スーパーやコンビニでよく見かけるカット野菜。すでにカットされているからとっても便利ですよね。でも、買うのに抵抗があるというお話もよく聞きます。「カット野菜の栄養はほとんどない!」という説や、「カット野菜は薬品で洗浄されているから危険だ!」という説を信じて使わない方も多いのではないでしょうか。また、「母親の手作り」ではなくなるというイメージ的な手抜き感に抵抗のある方もいらっしゃると思います。ほとんどのお料理は、野菜や肉をカットするところから始まりますよね。私は料理番組を担当していますが、番組では野菜や肉はそのほとんどがカットされているところから始まるので、料理時間がとても短縮されます。番組を見て、作ってくださる方の中には、番組で見るよりも時間がかかったとおっしゃる方が多いですが、それは野菜や肉をカットする時間が含まれていないからです。フードコーディネーターさんがカットしてくれるのですが、フードさんの間でも「カットに時間がかかる」というのは周知の事実になっていて、撮影で余ったカット野菜はみんなで取り合いになるほどです。
スーパーで売られているカット野菜は、カットした後に次亜塩素酸ナトリウムによる洗浄・殺菌が行われています。この洗浄の時間はおよそ10分といわれていて、家庭での洗浄に比べるとかなり念入りに行われているのが分かりますね。では栄養も一緒に洗浄されてしまうのでしょうか? カットレタスの洗浄で、その栄養の変化を実験した論文があります。カットレタスを次亜塩素酸ナトリウムと水道水で洗浄した後の栄養の違いを調べたものです。それによると「有意な差は確認されなかった。以上の結果より、洗浄方法の違いによってカットレタスのビタミンC及びミネラル類(カリウム、カルシウム、マグネシウム、リン、鉄)に有意な損失はないことが示唆された」(日本調理科学会「カットレタスの洗浄方法の違いが栄養成分に及ぼす影響について」、2009年)とあります。
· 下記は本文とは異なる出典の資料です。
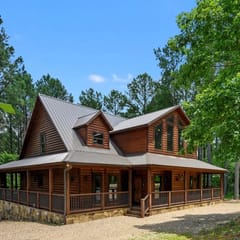 Maple Leaf Lodge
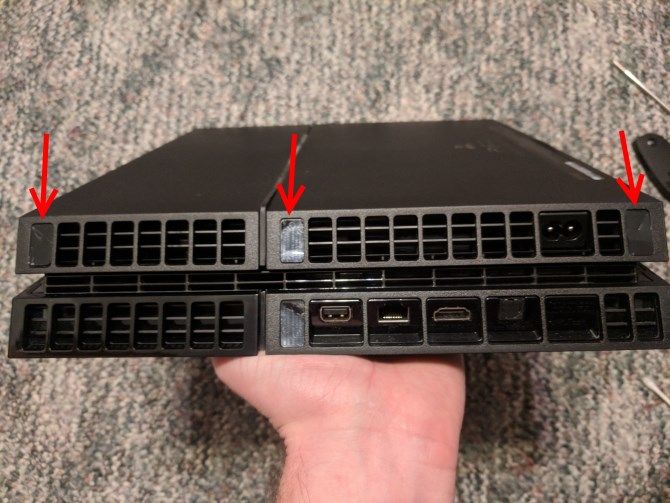 Наклейки на задней крышке PS4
つまり水道水で短い時間洗浄しても、工場で10分間殺菌洗浄しても栄養はほとんど変わらないということです。ただ、カットしてある野菜は、カットする前のものより傷みやすいのは事実です。カット野菜を購入したら、できるだけ早く食べる方がいいと思います。気温が上がると傷みやすいので、これから暑くなる季節は特に注意してほしいところではあります。
毎日忙しいお父さんやお母さんが、カット野菜を使うことに罪悪感を感じる必要はありません。ただ、カット野菜といえども、それだけでは栄養満点というわけにはいきません。タンパク質を含む魚や肉、豆類、卵を一緒に食べたり、ミネラル豊富な海藻などを組み合わせることによって、栄養満点なおかずやサラダになります! 個人的にはさば缶をトッピングするのがオススメです。カット野菜を上手に活用して、少しでも楽になりましょう。笑顔で一緒に食べること! それが子どもたちには最高の食育です。